Youssef El Jebli

Personal information
- Date of birth: 27 December 1992 (age 32)
- Place of birth: Utrecht, Netherlands
- Height: 1.77 m (5 ft 10 in)
- Position: Midfielder

Youth career
- USV Hercules

Senior career*
- Years: Team / Apps / (Gls)
- 2013–2014: USV Hercules
- 2014–2015: Lienden / 32 / (15)
- 2015–2019: De Graafschap / 129 / (25)
- 2019–2020: Al-Faisaly / 29 / (9)
- 2020–2022: Al-Batin / 50 / (9)
- 2023: Ohod / 19 / (4)
- 2023–2024: Al Hamriyah / 15 / (6)
- 2024: Hajer / 16 / (1)
- 2024–2025: De Graafschap / 15 / (0)

= Youssef El Jebli =

Dutch footballer (born 1992)

Youssef El Jebli (born 27 December 1992) is a Dutch professional footballer who plays as a midfielder. He has played club football in the Netherlands, Saudi Arabia and the United Arab Emirates.

==Career==
El Jebli was born in Utrecht, Netherlands, into a Moroccan family as one of five children. He grew up in the Overvecht district and began playing football at age six with local amateur side VV De Dreef. After four years, he joined Elinkwijk, a well-known amateur club in Utrecht, and later moved to USV Hercules. He progressed through the youth ranks and made his senior debut for Hercules in 2010, remaining at the club for three seasons.

In 2014, El Jebli joined Lienden in the Derde Divisie, then the third tier of Dutch football. He helped the club win the division title and the overall amateur championship. His performances earned him a move to De Graafschap ahead of the 2015–16 season.

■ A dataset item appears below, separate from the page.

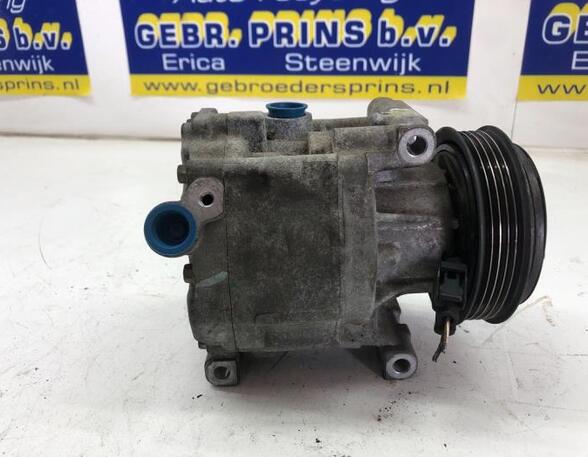 Klimakompressor Fiat Punto 188 SCSB06 P16831723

El Jebli made his Eredivisie debut for De Graafschap on 11 August 2015, coming on as a substitute in a match against Heerenveen. He made 31 league appearances in his first season, as De Graafschap were relegated to the Eerste Divisie. In the following seasons, he became a key player in midfield. El Jebli recorded four goals in 2016–17 and registered nine goals and 14 assists in 2017–18, contributing to the club's promotion back to the Eredivisie via the play-offs. In May 2018, he signed a new two-year contract with the club.

On 23 August 2019, El Jebli joined Al-Faisaly in the Saudi Professional League, signing a two-year deal. After spells in Saudi Arabia and the UAE with Ohod (2023), Al-Hamriyah (2023), and Hajer (2024), El Jebli returned to De Graafschap on 24 September 2024, signing a one-year contract.

==Personal life==
Born in the Netherlands, El Jebli is of Moroccan descent.